Quoteinclude D:\Programming\Masm32\include\masm32rt.inc
I am surprised that you can build something with a non-standard folder. The Masm32 SDK is built on the assumption that there is a folder \Masm32, which may look old-fashioned but has some advantages.
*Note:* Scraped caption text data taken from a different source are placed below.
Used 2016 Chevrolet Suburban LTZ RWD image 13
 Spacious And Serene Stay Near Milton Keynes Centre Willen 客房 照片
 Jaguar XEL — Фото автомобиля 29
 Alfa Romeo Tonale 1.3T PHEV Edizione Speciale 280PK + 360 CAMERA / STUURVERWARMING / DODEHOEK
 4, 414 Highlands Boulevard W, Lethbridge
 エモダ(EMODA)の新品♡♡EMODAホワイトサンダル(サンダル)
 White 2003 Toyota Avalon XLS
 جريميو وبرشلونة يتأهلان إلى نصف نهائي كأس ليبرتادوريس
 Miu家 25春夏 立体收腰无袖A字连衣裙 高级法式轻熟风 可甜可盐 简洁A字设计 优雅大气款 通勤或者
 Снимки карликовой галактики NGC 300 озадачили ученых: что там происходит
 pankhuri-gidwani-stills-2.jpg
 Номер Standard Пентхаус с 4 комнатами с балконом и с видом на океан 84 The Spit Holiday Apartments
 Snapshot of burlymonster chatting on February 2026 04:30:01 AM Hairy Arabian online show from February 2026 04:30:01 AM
Most of us use
include \Masm32\include\masm32rt.incP.S.: Your code can work, but you need the RichMasm editor to do that (note it doesn't use MasmBasic):
; Just an example!
__UNICODE__ equ 1
include \Masm32\include\masm32rt.inc ; Open in RichMasm (http://masm32.com/board/index.php?topic=5314.0), hit F6
.data
UCSTR sCaption, "Заголовок", 0, 0
; UCSTR sText, "Текст на русском!", 0, 0
sText db "Текст на русском!", 0, 0
.data?
buffer db 1000 dup(?)
.code
start proc
invoke MultiByteToWideChar, CP_UTF8, 0, offset sText, -1, offset buffer, 100
invoke MessageBox, NULL, addr buffer, addr sCaption, MB_OK
invoke ExitProcess, 0
start endp
end start
I thought both text should be russian language.;Заголовок
sCaption dw 0417h,0430h,0433h,043Eh,043Bh,043Eh,0432h,043Eh,043Ah,0
;Текст на русском!
sText dw 0422h,0435h,043Ah,0441h,0442h,20h,043Dh,0430h,20h,0440h,0443h,0441h,0441h,043Ah,043Eh,043Ch,21h,0
EDIT: picture removed, as Steve don't like it ;)
deleted
Using unicode in win32 means an ASCII/ANSI text editor for code and a unicode editor to create and/or edit a unicode RC script.
Quote from: jj2007 on May 05, 2017, 08:44:09 PM
Does the exe in Reply #17 work?
Yes, it work.
QuoteI am surprised that you can build something with a non-standard folder. The Masm32 SDK is built on the assumption that there is a folder \Masm32, which may look old-fashioned but has some advantages. Most of us use include \Masm32\include\masm32rt.inc
I was change all paths in masm32rt.inc. I don't want masm and sources in root folder, so they placed in subfolders.
QuoteP.S.: Your code can work, but you need the RichMasm editor to do that
My code works even without __UNICODE__ with russian symbols. I just wanted to see how it would look.
But I'm still grateful to all of you for your help and, I hope, you will help further.
I move the discussion to the Workshop.